Ang Lee took home the Oscar for Best Director in last night's Academy Awards. The Taiwanese government seems to have realized the potential for "soft power" its local film industry carries, and I am sure Lee's victory will be a big deal there. Lee has been living in the States for years, but he is still something of a local hero in Taiwan. He's now sure to be even more of an inspiration for Taiwanese filmmakers.
The terms "soft power" and "gross national cool" got thrown around a lot a couple years ago referring to Japan read the Foreign Policy article on the latter here), and according to this AFP article, the Korean drama "Winter Sonata" and its star Bae Yong-joon boosted tourism revenues by $1.1 billion. Capitalizing on soft power seems a good way to go--especially when you are struggling for the attention of the international community like Taiwan is.

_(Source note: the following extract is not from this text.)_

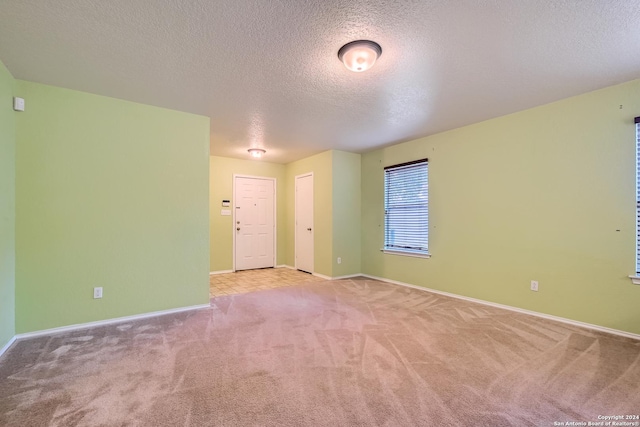 carpeted spare room with a textured ceiling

Matt of No-sword fame wondered how Brokeback Mountain's famous line "I wish I knew how to quit you" would be rendered into Japanese. Funny, I had been wondering the same thing about that line in Chinese. I saw a reference somewhere to 我希望我知道如何能離開你, so I checked to see if that's really what it is in the movie's Taiwanese theatrical release and according to this Chinese-language blog, it is.
The author of that post says the same line in the book was rendered as 要是我知道如何戒得掉你就好了, and like her I prefer that translation.
我希望我知道如何能離開你 is literally "I hope I know how to leave you." Chinese doesn't have a subjunctive like English ("I wish I knew....") so you could take that line either way. I used to blather on and on about how great the subjunctive is to my students, and the original English line is a great example. After the "I wish I knew...." is a parenthetical: "(but I don't.)" I don't get that resonance from this version of the Chinese.
I am not a native Chinese speaker, but I do get that resonance from 要是我知道如何戒得掉你就好了 because of the structure 要是...就好了 (very literally, "If... that would be good."). I also like the way this translation uses 戒--that's the word you use to say you are "quitting" drinking or cigarettes. The 離開 "leave" of the other version just doesn't have the same impact.
I realize, though, that subtitle-writing is a tricky task. You have to be concise so as to fit on the screen and keep up with the pace . The line has to be understandable at a glance or else it will run the risk of intruding on the film.